- _PROVIDED DATA_

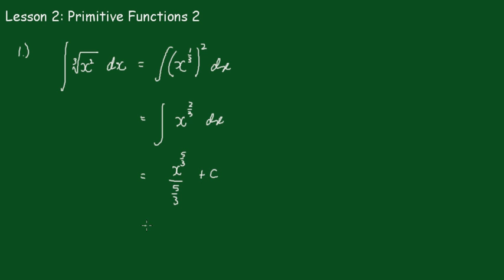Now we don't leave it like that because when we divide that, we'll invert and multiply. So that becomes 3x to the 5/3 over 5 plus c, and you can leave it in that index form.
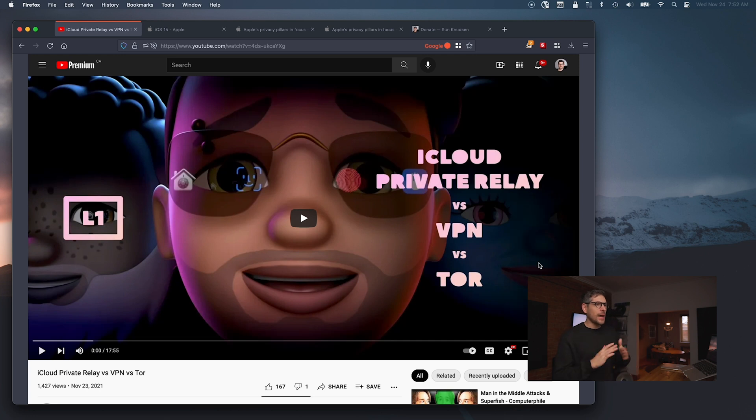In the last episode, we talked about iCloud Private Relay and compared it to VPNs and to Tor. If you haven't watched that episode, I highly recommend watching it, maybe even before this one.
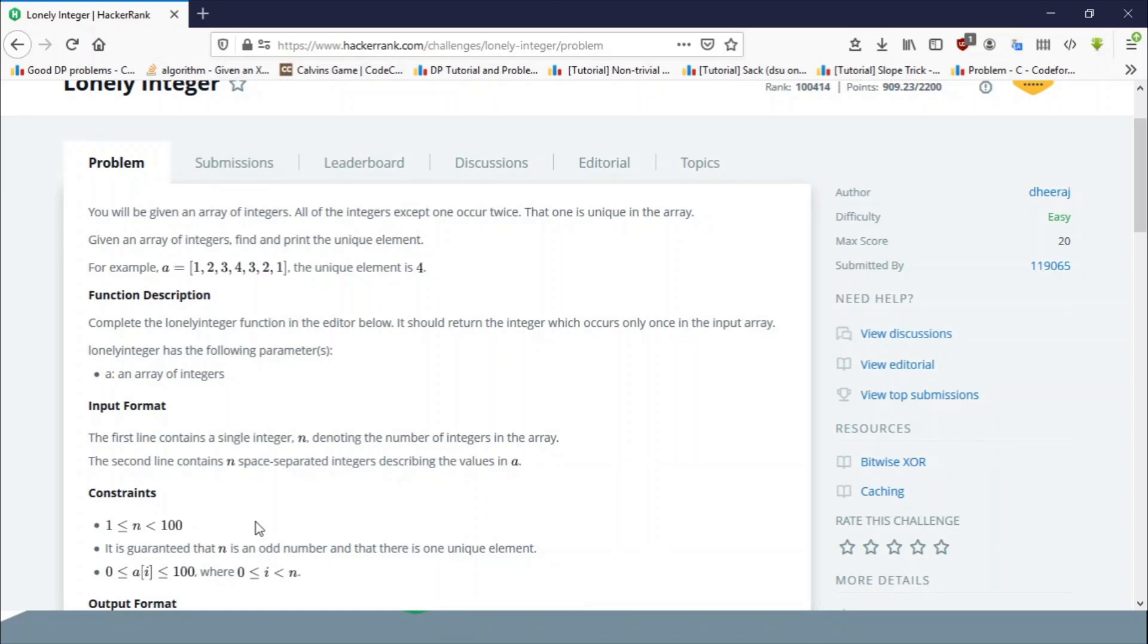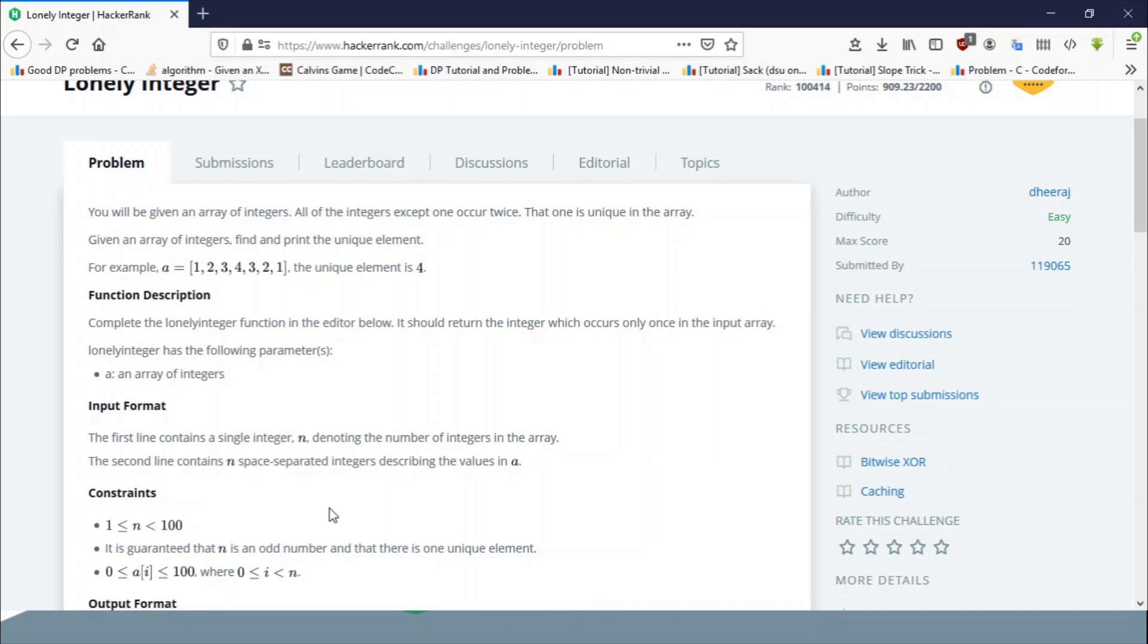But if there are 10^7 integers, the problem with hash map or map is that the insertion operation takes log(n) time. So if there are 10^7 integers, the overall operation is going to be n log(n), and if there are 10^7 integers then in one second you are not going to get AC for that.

- _INSTRUCTIONS FOR THE TASK_
Pictures do not go in the copy. Write out exactly the lines from the line containing "In the last" through the last line of the listing.

- _ANSWER TO THIS EXERCISE_
In the last episode, we talked about iCloud Private Relay and compared it to VPNs and to Tor. If you haven't watched that episode, I highly recommend watching it, maybe even before this one.
But if there are 10^7 integers, the problem with hash map or map is that the insertion operation takes log(n) time. So if there are 10^7 integers, the overall operation is going to be n log(n), and if there are 10^7 integers then in one second you are not going to get AC for that.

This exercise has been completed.